Qi Shufang, founder of Qi Shufang Peking Opera Troupe in the United States, led her troupe and participated in the sixth Peking Opera Festival which kicked off in Wuhan, Hubei Province, early this month.
Qi Shufang, founder of Qi Shufang Peking Opera Troupe, makes a face-painting before performance during the 6th China Peking Opera Art Festival in Wuhan City, capital of central China's Hubei Province, Nov. 8, 2011.
Qi Shufang, founder of Qi Shufang Peking Opera Troupe, is well known both in China and in the United States as a master performer.

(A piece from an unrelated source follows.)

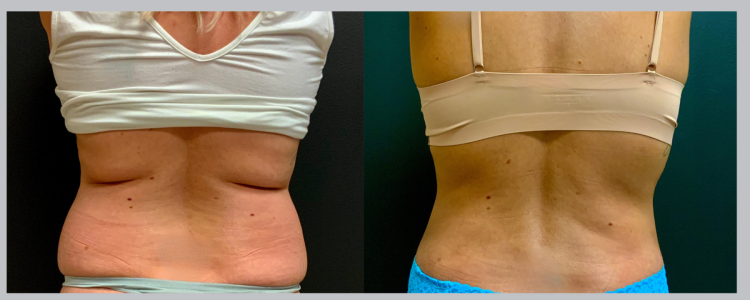 Liposuction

Qi started studying Peking Opera at the age of four and later went to the Shanghai Dramatic School. After winning first prize in a competition for rising actors in 1960, she was praised as a "promising opera performer" by the legendary female impersonator Mei Lanfang.
Qi became a sensation throughout China at the age of 18 thanks to her performing in the "model operas" during China's Cultural Revolution period. Her reputation as a performer grew due to her facility in martial arts, riveting acting and her striking singing.
In 1988, Qi relocated to New York where she formed an opera company and started her career to spread the traditional Peking Opera to the American public. Within over 20 years, more than one million American people have viewed the performance by Qi Shufang Peking Opera Troupe, which has enjoyed wide acclaim.
Qi has held annual Peking Opera Festival for consecutive 11 years. In 2001, Qi was awarded the National Heritage Fellowship, the highest honor in traditional folk arts in the United States.
This year's Peking Opera Festival is held as part of the Chinese government's efforts to revive the traditional art form. The festival, which covers a wide range of Peking Opera styles, including new versions of ancient operas, modern performances and traditional operas, bring on the stage 33 shows performed by troupes from both home and abroad.